# Check it out



## Gerry Grimwood (Apr 2, 2007)

I don't know what the prices are for equipment for younger dogs are in the States, but I thought I'd post this anyway.

http://www.dogsportgear.com/dogsport_gear_monthly_specials.htm


The pup sleeve is 21 in on the long side, I have a couple so I know, and last for at least 2 pups.

The wedge is nice as well, and the collar is a steal imo for an adult dog and very soft latigo, 5 bucks for a tug is pretty good wherever you live.
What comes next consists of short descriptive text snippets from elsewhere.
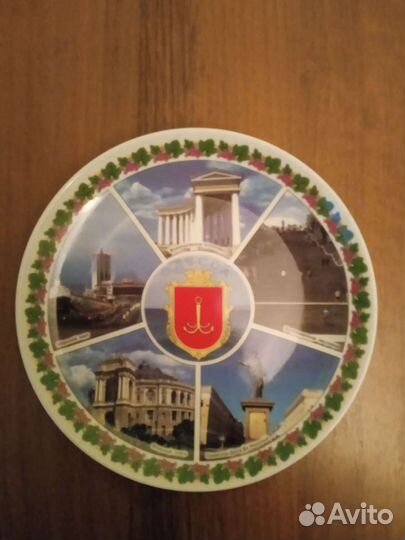Крымская сувенирная тарелка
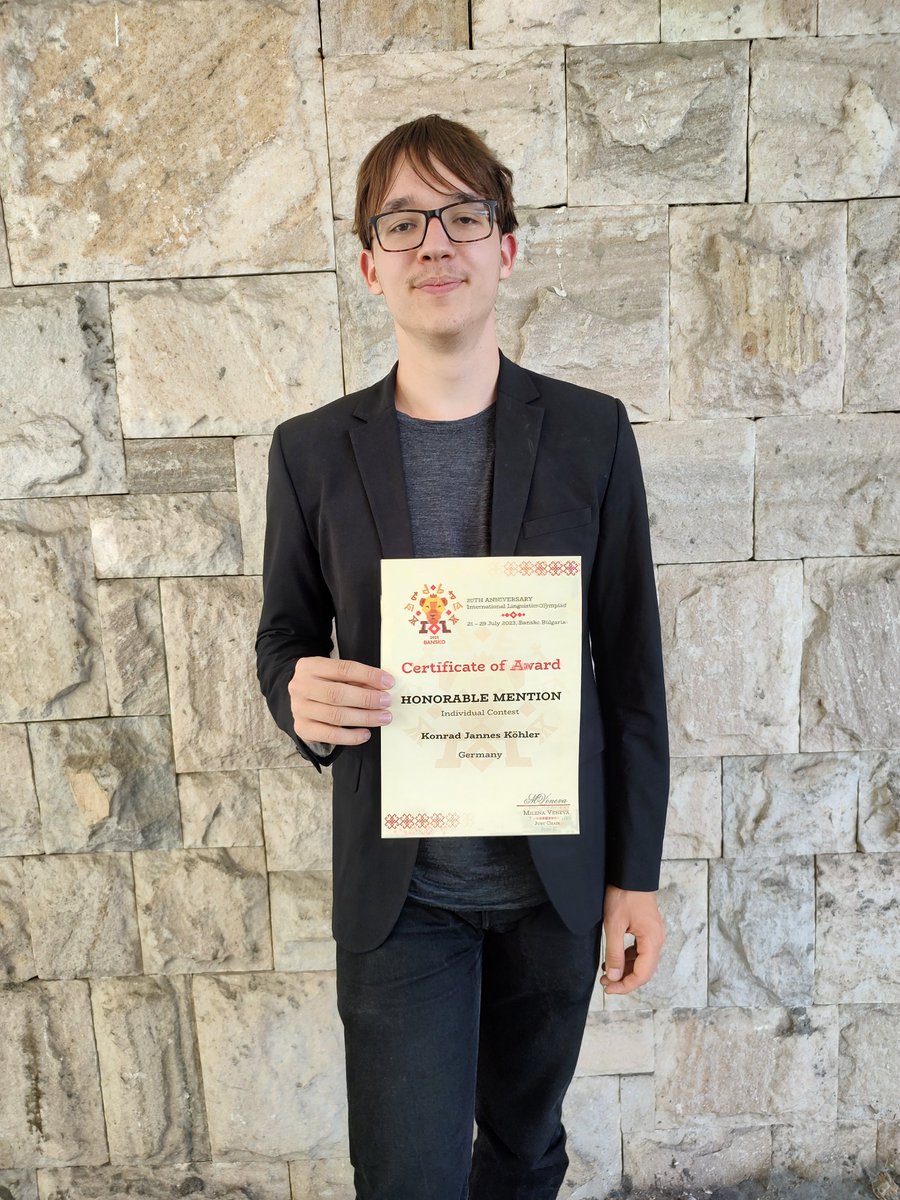 Das  deutsche Team (Daniel Pahi, Merlin Fischer, Konrad Jannes Köhler und  Ruth Plümer, mit der Teamleiterin Nathalie Topaj) auch dieses Jahr erfolgreich bei der IOL: Wir gratulieren Merlin Fischer für die Bronzemedaille und Konrad Jannes Köhler für die Honorable Mention.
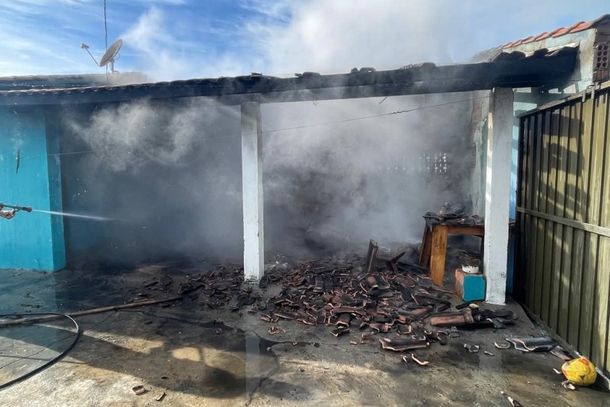 nc&ecirc;ndio atinge garagem de resid&ecirc;ncia no Bela Vista 2 em Casa Branca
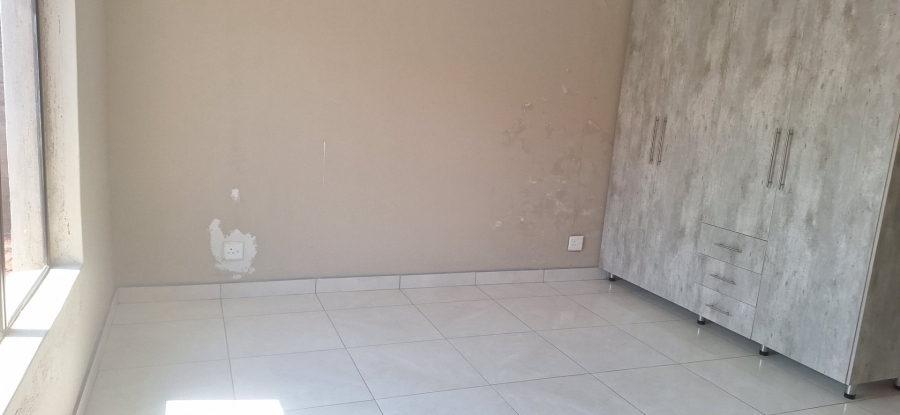 To Let 2 Bedroom Property for Rent in Chroompark Limpopo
The other stuff I don't use so I can't say, their prices are in US dollars and they ship anywhere.


----------



## mike suttle (Feb 19, 2008)

Gerry Grimwood said:


> I don't know what the prices are for equipment for younger dogs are in the States, but I thought I'd post this anyway.
> 
> http://www.dogsportgear.com/dogsport_gear_monthly_specials.htm
> 
> ...


I have known ralph gilby (the owner of dogsport gear) for years. he is a great guy to deal with, has fair prices, and is also a very good SchH competitor. (he has represented Canada on the WOrld Team many times)
he is good to go!


----------



## Maren Bell Jones (Jun 7, 2006)

I'll second that! His website may not be the flashiest, but I've purchased stuff from him for years from his site and it's always shipped very promptly, in great shape, with very fair prices. Good communication too, which is always a big thing when you're buying expensive items.


----------